In effect, cleverly crafted, deliberate repetition can become a strategic weapon in any writer’s armoury.  Look at this example:

His dark ways, his dark thoughts; soulless and barren and as dark as the swirling ocean beneath him...
The repetition here works because ‘dark’ is a simple descriptive word, and each time it is mentioned, it adds to the feeling of the sinister overtones the writer wants to convey.  It also created rhythm within the sentence – it almost has a beat to it.  And also because it repeats three times. 

Other ways can create emphasis for emotion or conflict, for example:

He was slave to their ways, slave to the demon colonel; slave to everything he had known...
This style of repetition creates a dynamic flow of a powerful key word: slave.  This simple sentence creates an impression of emotion simply because the very word slave creates this effect and it can be employed effectively with any well chosen words.  Again, it is repeated three times.

She was soft against his touch, soft like the silken threads he had slipped from her body, soft like the gentle murmur of summer.
Once again, repeated three times, the word ‘soft’ reinforces the mood and atmosphere.

It also comes into its own when writing pensive scenes, to create a sense of tension.  It works the same way as children’s stories, repeating one emphasised word two or three times.
They huddled in the dark, listening as the silence gave way to their fear.
Thud.  Thud. 
This sound, creeping ever closer...

Of course, repetition works well within dialogue too. Well chosen words and phrases emphasise what the writer wants to achieve.
‘I told you what would happen, I told you, and you chose not to listen.  I told you and you refrained.’

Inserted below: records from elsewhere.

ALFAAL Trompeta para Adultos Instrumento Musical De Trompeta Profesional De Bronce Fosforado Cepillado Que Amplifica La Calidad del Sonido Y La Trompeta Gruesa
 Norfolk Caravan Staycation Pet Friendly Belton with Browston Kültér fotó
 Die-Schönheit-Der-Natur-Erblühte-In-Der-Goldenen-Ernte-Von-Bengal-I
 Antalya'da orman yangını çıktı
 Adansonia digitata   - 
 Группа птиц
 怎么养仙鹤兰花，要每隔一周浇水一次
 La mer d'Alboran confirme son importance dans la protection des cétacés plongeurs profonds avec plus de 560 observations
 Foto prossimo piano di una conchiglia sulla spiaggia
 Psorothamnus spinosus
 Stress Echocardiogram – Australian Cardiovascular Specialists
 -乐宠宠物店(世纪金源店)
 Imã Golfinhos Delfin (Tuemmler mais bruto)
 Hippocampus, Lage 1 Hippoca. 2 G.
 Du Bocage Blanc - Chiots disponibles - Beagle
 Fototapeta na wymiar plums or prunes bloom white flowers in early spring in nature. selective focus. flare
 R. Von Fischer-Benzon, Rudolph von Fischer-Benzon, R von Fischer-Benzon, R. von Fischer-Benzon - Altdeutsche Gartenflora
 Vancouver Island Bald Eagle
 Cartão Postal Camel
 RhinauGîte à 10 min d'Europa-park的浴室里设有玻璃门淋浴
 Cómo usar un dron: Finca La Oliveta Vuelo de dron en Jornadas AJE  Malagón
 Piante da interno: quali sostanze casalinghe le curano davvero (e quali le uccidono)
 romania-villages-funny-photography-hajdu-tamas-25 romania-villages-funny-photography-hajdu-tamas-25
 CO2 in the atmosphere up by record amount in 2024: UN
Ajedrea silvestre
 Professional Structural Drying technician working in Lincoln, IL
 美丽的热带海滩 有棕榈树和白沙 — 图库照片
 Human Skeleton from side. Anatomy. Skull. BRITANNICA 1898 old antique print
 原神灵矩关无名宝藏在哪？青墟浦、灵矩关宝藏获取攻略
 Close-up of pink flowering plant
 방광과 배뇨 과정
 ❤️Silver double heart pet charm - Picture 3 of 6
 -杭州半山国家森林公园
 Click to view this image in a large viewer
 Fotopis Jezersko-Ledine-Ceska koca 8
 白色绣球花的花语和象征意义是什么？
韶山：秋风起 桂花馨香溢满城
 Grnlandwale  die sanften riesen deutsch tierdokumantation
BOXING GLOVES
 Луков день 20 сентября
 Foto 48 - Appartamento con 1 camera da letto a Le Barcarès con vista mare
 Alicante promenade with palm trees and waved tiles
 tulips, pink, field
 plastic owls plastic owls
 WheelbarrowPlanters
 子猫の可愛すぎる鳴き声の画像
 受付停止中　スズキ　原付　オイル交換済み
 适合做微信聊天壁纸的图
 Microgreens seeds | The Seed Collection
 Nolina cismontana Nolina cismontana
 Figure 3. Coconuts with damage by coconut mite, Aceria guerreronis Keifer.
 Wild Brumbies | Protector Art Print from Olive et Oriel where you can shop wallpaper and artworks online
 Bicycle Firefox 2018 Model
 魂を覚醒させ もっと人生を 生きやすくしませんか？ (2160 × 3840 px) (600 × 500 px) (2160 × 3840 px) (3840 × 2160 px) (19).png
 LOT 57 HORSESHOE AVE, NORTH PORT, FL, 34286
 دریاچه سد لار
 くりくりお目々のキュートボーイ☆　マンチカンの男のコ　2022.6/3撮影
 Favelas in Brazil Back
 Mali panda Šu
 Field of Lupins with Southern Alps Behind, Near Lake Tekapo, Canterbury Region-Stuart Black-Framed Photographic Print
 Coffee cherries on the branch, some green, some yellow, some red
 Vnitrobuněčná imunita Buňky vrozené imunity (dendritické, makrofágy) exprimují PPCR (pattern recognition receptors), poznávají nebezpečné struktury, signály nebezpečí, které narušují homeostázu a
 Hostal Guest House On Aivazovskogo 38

This example shows how the character is reinforcing his/her message, not just to another character, but to the reader, too.

Repetitive strokes can enliven dialogue, and again gives rhythm and resonance to speech patterns, something the reader will be intuitively tuned into, without them even noticing.

As a writer, you have to choose which words and phrases you think would be effective, or how they would create the effect you want to achieve, but repetition is always about emphasis, whether you are highlighting mood, emotion, tension, atmosphere or even action, or whether you use it with within your, narrative or dialogue.


·         Repetition should emphasise
·         Make repetition denotative – reinforces the message
·         Make it simplistic and effective
·         Create resonance and rhythmic patterns
·         Create word dynamics
·         Don’t repeat complex words, but instead keep them simple.